(WHAT IS REQUIRED): The reply should hold only the lines from the one with "So in these" to the one with "GIS connects data", both ends kept, exactly as they appear below, without any pictures.

(RECORD EXCERPTS):

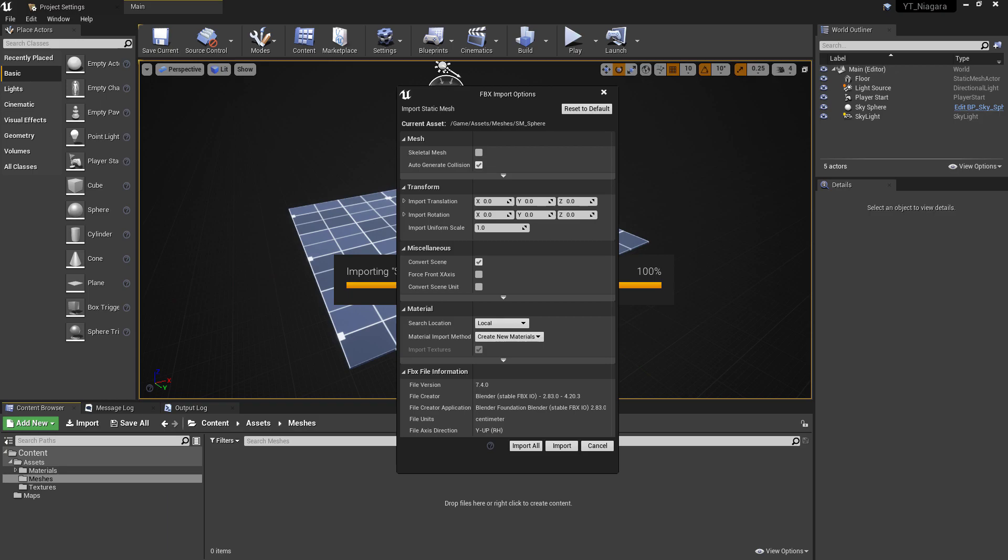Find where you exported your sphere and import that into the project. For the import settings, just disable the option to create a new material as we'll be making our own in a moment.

==

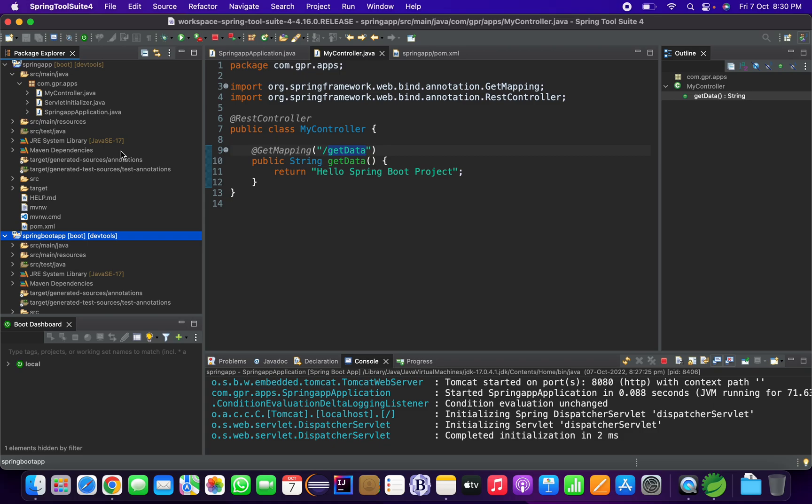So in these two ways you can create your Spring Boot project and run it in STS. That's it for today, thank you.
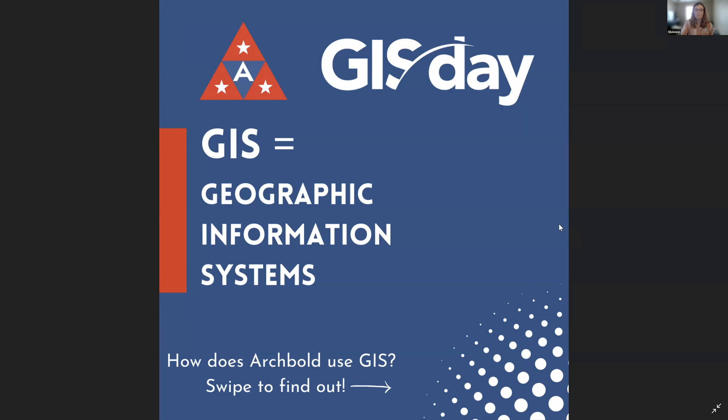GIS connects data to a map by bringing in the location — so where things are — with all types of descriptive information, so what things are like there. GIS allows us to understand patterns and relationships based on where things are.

(SOLUTION BELOW):
So in these two ways you can create your Spring Boot project and run it in STS. That's it for today, thank you.
GIS connects data to a map by bringing in the location — so where things are — with all types of descriptive information, so what things are like there. GIS allows us to understand patterns and relationships based on where things are.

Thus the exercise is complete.